A team of Ohio State students is working with NASA to improve a passive water-delivery system for on-board plants and a method of recycling natural waste to create nutrient-rich soil at the International Space Station. Credit: Courtesy of Ohio State

A team of fourth-year Ohio State students studying food, agriculture and biological engineering is working with NASA to explore the limits of sustainably growing plants in deep space.

The team was one of eight schools to receive a $20,000 grant, marking the third year OSU has been chosen to work with NASA on its eXploration Systems and Habitation Academic Innovation Challenge. The challenge, also called X-Hab, seeks design solutions for deep-space exploration from students across the country. The innovations made by the OSU team have the potential to influence deep-space travel and potentially be the building blocks for future manned deep-space missions.

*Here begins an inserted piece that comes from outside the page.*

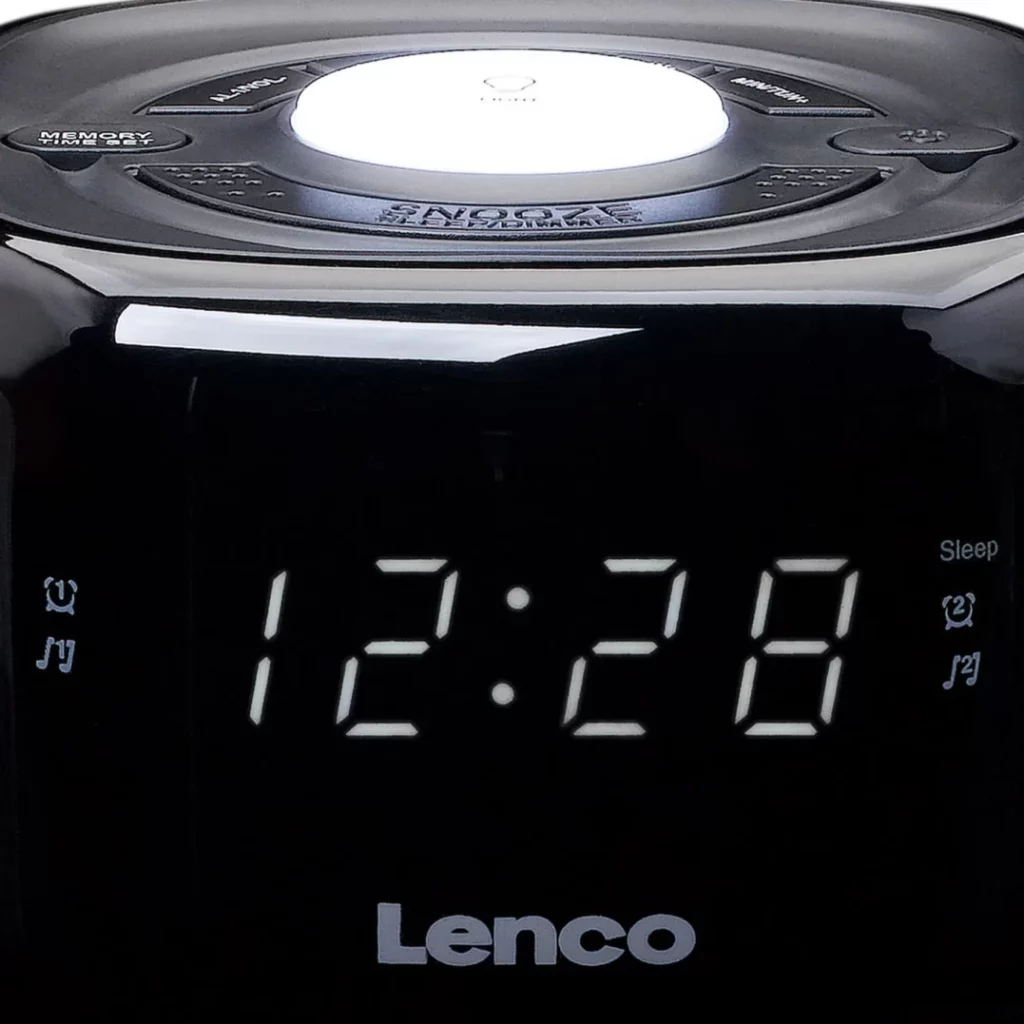 FM-радио, будильник Lenco CR-12BK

The project consists of two parts: improving a passive water-delivery system for on-board plants and a method of recycling natural waste to create nutrient-rich soil.

“What NASA’s looking for is a sustainable plant-growing system to use in zero gravity and microgravity,” said Brennan Cordova, one of the students working on the project. “Some things like this exist, but most of them don’t work very well. We’re hoping to change that.”

An improved passive water-delivery system would allow onboard plants to receive water automatically. The team built prototypes and conducted several 30-day plant-growth experiments that have influenced the design of plant pillows — the bags of soil designed to grow plants — used on future crops aboard International Space Station.

The team also designed a bioreactor — a container that efficiently decomposes materials — to recycle natural waste such as inedible plant parts, hair and urine to produce soil. Decomposing material that would otherwise be thrown away can produce nutrient-rich soil to cultivate other crops.

One of the biggest challenges the team faces is an inability to test prototypes in zero gravity and microgravity.

“We can’t test things in states of gravity similar to those experienced in space,” said Ryan Jeon, another student working on the project. “We want to apply for a drop test grant and a parabolic flight grant so we can test that in similar states.”

Both methods would allow the prototype to be tested in conditions similar to those in space and allow the engineers to make appropriate changes to the model.

Another hurdle is creating something that’s not based on prior research. Because the team is unearthing new scientific ground, Jeon said developing design alternatives or foreseeing future problems is difficult.

While the project has presented the team with obstacles, Cordova said they have also found it inspiring.

“Everything that NASA and SpaceX does advances so many other facets of science and technology — medicine, food, technology, agriculture — everything is affected by the advancements they make,” Cordova said.